Source records START

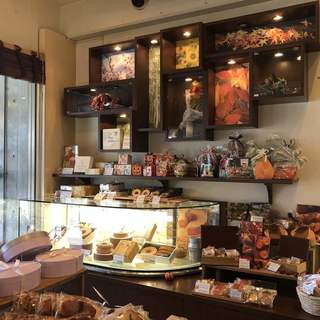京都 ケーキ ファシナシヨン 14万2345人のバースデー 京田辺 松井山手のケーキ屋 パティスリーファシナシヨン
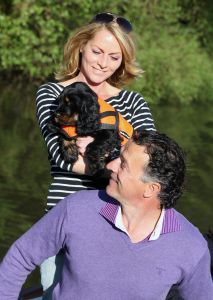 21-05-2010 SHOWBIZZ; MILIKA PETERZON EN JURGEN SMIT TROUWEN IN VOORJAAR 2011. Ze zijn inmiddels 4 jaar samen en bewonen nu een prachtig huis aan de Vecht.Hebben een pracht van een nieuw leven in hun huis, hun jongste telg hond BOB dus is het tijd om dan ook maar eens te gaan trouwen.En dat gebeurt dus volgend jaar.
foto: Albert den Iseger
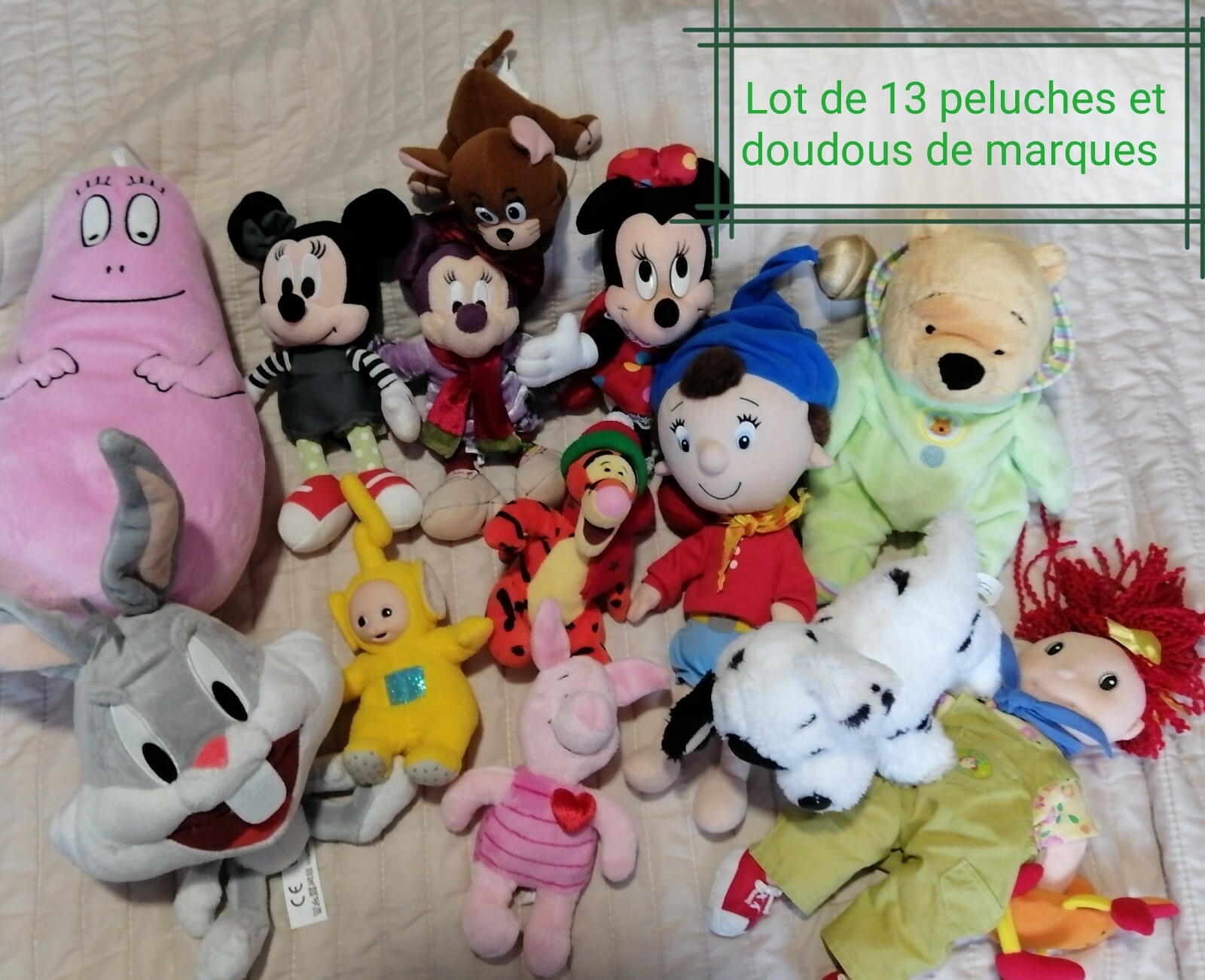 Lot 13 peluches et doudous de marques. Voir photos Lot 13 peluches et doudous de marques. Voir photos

Source records END
Source records START

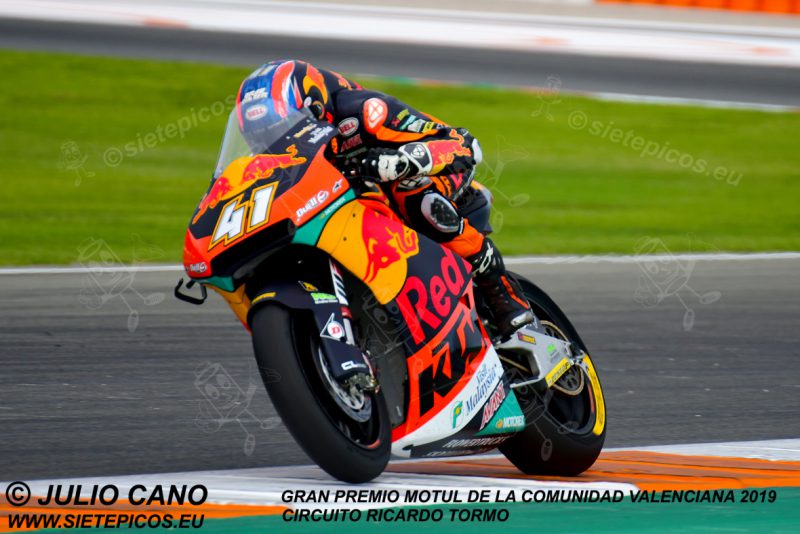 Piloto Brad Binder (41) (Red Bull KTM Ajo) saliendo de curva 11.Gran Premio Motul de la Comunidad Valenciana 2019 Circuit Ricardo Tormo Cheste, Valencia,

Source records END

* [Task details]:
With the pictures removed, print only the lines starting at the line that has "foto: Albert den Iseger" and ending at the line that has "Lot 13 peluches et doudous de marques. Voir photos Lot", both ends included, exactly as they stand above.

* [Output for this task]:
foto: Albert den Iseger
 Lot 13 peluches et doudous de marques. Voir photos Lot 13 peluches et doudous de marques. Voir photos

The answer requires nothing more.